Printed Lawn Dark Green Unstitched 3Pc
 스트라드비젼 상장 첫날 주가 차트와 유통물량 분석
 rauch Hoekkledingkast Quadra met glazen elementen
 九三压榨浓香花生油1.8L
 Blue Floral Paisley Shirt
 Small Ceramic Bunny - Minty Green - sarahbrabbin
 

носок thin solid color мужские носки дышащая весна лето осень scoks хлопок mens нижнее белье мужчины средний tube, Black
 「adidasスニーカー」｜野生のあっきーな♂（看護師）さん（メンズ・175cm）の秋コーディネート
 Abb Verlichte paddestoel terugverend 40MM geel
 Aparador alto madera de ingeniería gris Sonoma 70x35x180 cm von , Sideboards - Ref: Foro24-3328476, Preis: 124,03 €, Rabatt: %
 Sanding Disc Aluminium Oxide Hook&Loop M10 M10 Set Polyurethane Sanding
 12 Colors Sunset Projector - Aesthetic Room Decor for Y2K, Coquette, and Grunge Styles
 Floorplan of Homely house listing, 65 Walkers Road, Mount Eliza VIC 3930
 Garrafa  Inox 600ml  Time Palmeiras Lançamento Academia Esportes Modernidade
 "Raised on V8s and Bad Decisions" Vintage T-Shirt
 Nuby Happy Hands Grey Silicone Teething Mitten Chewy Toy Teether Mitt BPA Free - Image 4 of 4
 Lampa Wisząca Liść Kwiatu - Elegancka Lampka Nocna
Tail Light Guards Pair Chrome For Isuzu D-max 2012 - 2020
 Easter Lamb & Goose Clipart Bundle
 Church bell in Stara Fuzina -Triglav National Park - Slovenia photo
────
Activity:
Print exactly the lines between the line with "носок thin solid" and the final line of the records above, both included.

Exercise result:
носок thin solid color мужские носки дышащая весна лето осень scoks хлопок mens нижнее белье мужчины средний tube, Black
 「adidasスニーカー」｜野生のあっきーな♂（看護師）さん（メンズ・175cm）の秋コーディネート
 Abb Verlichte paddestoel terugverend 40MM geel
 Aparador alto madera de ingeniería gris Sonoma 70x35x180 cm von , Sideboards - Ref: Foro24-3328476, Preis: 124,03 €, Rabatt: %
 Sanding Disc Aluminium Oxide Hook&Loop M10 M10 Set Polyurethane Sanding
 12 Colors Sunset Projector - Aesthetic Room Decor for Y2K, Coquette, and Grunge Styles
 Floorplan of Homely house listing, 65 Walkers Road, Mount Eliza VIC 3930
 Garrafa  Inox 600ml  Time Palmeiras Lançamento Academia Esportes Modernidade
 "Raised on V8s and Bad Decisions" Vintage T-Shirt
 Nuby Happy Hands Grey Silicone Teething Mitten Chewy Toy Teether Mitt BPA Free - Image 4 of 4
 Lampa Wisząca Liść Kwiatu - Elegancka Lampka Nocna
Tail Light Guards Pair Chrome For Isuzu D-max 2012 - 2020
 Easter Lamb & Goose Clipart Bundle
 Church bell in Stara Fuzina -Triglav National Park - Slovenia photo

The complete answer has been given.